Fast Eddie: the rise and fall of Eddie Wong (王永祥), international tycoon of mystery and original developer of Discovery Bay

York Lo: Fast Eddie: the rise and fall of Eddie Wong (王永祥), international tycoon of mystery and original developer of Discovery Bay

Eddie Wong Image 1 York Lo

Eddie Wong (center) with John Pain (right), executive director of the HK Tourism Association at a press conference for HK Resort in September 1976. (SCMP)
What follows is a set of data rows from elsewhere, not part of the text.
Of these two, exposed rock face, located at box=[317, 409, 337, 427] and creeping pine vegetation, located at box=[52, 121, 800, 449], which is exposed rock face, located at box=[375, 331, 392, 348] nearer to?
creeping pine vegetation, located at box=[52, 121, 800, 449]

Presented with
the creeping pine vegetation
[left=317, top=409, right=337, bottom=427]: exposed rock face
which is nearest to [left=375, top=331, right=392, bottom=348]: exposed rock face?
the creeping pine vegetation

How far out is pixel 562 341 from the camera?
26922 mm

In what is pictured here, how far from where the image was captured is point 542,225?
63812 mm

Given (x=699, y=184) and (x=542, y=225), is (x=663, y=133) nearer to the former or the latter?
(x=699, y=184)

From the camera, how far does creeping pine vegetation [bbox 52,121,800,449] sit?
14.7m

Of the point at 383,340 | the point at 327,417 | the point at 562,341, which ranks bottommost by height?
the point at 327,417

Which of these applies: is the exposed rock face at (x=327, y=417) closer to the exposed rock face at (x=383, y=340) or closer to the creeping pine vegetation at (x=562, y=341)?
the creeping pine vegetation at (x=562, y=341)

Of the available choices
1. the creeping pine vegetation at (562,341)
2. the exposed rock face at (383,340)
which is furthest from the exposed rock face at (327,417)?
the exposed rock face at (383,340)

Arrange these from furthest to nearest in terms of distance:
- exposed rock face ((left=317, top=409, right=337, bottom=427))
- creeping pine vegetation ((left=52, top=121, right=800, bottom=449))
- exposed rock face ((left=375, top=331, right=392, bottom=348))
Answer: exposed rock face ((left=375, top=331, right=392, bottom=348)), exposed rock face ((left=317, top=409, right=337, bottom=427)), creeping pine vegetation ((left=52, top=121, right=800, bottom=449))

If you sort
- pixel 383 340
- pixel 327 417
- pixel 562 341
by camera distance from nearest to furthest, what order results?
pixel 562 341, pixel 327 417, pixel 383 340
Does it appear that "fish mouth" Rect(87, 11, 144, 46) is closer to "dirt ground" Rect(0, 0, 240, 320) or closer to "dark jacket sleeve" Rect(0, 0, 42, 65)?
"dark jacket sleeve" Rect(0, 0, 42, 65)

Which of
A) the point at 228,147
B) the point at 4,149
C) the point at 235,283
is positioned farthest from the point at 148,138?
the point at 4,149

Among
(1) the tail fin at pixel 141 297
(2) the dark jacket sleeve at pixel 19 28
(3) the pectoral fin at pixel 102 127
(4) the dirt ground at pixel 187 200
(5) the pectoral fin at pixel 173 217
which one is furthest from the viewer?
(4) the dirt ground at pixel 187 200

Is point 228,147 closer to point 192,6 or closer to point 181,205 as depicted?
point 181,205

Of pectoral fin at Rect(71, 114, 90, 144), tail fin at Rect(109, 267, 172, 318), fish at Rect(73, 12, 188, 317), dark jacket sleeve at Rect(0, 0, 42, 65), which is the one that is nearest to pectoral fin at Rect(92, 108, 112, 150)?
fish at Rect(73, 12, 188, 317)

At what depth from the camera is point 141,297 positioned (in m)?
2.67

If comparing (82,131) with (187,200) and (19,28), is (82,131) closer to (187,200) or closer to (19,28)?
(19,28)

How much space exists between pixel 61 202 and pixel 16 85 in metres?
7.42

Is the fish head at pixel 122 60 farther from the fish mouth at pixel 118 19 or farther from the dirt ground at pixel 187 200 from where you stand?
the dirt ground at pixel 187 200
Known as “Fast Eddie”, Edward Wong Wing-cheung was a legendary business figure in post-War Hong Kong whose business interests ranged from a bank and hotel in Panama to a fleet of vessels transporting goods and passengers between Southeast Asia to the Middle East to an abattoir on Lantau to processing cattle from his ranch in northern Australia and was rumored to be ‘worth US$800 million’ by the early 1970s. His wide network of global political contacts was equally impressive ranging from Soviet bankers to Indonesian generals and top Malay politicians and the former US Treasury Secretary to the Governor of Hong Kong. His most ambitious project – what eventually became Discovery Bay in Lantau proved to be his ultimate undoing in the late 1970s.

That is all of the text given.